On Thu, Dec 11, 2008 at 9:43 AM, Marco Pesenti Gritti
<[EMAIL PROTECTED]> wrote:
> Just fyi, I submitted a gadget fedora package for review. It's going
> to require ejabberd 2.0.2.
>
> https://bugzilla.redhat.com/show_bug.cgi?id=475971

When you have a bit of time, I am still keen on understanding how does
Gadget fit in the wider picture.

With the "OMG! ejabberd's memory and roster mgmt are Out Of Control"
thing mostly behind us, I want to have a clear picture of why and how
Gadget fits into the picture. And at what (cpu, memory) cost,
specially for the 3K users scenarios we're looking at.

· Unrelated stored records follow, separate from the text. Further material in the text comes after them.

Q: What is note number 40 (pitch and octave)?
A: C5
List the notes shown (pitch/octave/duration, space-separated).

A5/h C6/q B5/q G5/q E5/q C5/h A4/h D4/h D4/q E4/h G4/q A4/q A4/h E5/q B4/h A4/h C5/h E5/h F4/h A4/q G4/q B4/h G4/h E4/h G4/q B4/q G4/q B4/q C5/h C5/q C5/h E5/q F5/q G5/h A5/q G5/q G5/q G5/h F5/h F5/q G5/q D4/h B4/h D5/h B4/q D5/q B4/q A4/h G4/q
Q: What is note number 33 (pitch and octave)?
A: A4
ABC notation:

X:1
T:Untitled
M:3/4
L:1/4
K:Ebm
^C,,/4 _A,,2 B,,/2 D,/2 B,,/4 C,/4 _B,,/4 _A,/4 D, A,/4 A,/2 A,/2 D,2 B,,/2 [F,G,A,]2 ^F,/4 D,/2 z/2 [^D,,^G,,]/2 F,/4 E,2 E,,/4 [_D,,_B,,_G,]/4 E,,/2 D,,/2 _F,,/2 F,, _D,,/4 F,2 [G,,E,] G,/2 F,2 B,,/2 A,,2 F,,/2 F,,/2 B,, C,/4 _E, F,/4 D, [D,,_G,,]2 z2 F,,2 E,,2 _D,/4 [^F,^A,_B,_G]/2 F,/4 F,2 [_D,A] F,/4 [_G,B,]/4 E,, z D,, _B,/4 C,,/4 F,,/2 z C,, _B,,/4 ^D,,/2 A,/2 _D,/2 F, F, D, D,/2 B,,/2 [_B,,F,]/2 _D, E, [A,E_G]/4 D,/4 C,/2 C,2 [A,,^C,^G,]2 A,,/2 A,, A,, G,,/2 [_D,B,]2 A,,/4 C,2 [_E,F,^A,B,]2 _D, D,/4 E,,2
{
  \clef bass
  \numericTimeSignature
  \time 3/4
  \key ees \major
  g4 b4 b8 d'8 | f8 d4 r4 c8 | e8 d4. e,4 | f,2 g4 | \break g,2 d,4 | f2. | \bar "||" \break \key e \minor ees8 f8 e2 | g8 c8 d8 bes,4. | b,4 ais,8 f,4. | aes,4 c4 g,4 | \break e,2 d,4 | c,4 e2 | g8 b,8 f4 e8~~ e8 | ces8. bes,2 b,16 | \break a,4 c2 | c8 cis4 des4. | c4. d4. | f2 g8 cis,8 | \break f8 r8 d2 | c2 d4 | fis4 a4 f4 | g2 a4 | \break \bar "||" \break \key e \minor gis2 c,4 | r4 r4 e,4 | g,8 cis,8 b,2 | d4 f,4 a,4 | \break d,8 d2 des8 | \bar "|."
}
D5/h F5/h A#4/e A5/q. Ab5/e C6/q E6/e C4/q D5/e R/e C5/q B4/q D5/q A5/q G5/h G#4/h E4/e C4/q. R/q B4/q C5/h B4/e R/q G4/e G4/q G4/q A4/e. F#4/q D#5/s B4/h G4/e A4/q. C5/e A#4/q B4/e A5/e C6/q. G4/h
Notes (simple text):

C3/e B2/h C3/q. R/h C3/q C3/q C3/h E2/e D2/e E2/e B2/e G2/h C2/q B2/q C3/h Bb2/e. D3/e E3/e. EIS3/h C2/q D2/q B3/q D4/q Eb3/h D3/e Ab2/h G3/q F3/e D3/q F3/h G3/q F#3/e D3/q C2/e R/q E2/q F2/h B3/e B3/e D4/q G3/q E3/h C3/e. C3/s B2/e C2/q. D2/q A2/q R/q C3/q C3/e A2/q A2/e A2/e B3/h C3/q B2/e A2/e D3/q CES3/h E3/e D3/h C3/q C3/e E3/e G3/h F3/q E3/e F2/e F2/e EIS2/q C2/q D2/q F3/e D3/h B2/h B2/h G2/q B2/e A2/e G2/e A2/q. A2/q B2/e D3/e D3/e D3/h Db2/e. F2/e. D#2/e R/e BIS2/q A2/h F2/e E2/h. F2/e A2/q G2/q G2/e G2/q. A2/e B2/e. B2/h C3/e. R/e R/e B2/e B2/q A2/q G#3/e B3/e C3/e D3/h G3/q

In other words, we are finding that ejabberd is very amenable to
having its behaviour changed in interesting ways with

 - minimalistic Erlang plugins
 - poking at its internal mnesia DB via the xml-rpc plugin
 - using an external DB instead of Mnesia, and having external
programs manipulate the DB

all of these things keep us on using standard XMPP (so our client and
server are more generic, and interchangeable) and from a scalability
POV avoid adding additional processes (except for the DB).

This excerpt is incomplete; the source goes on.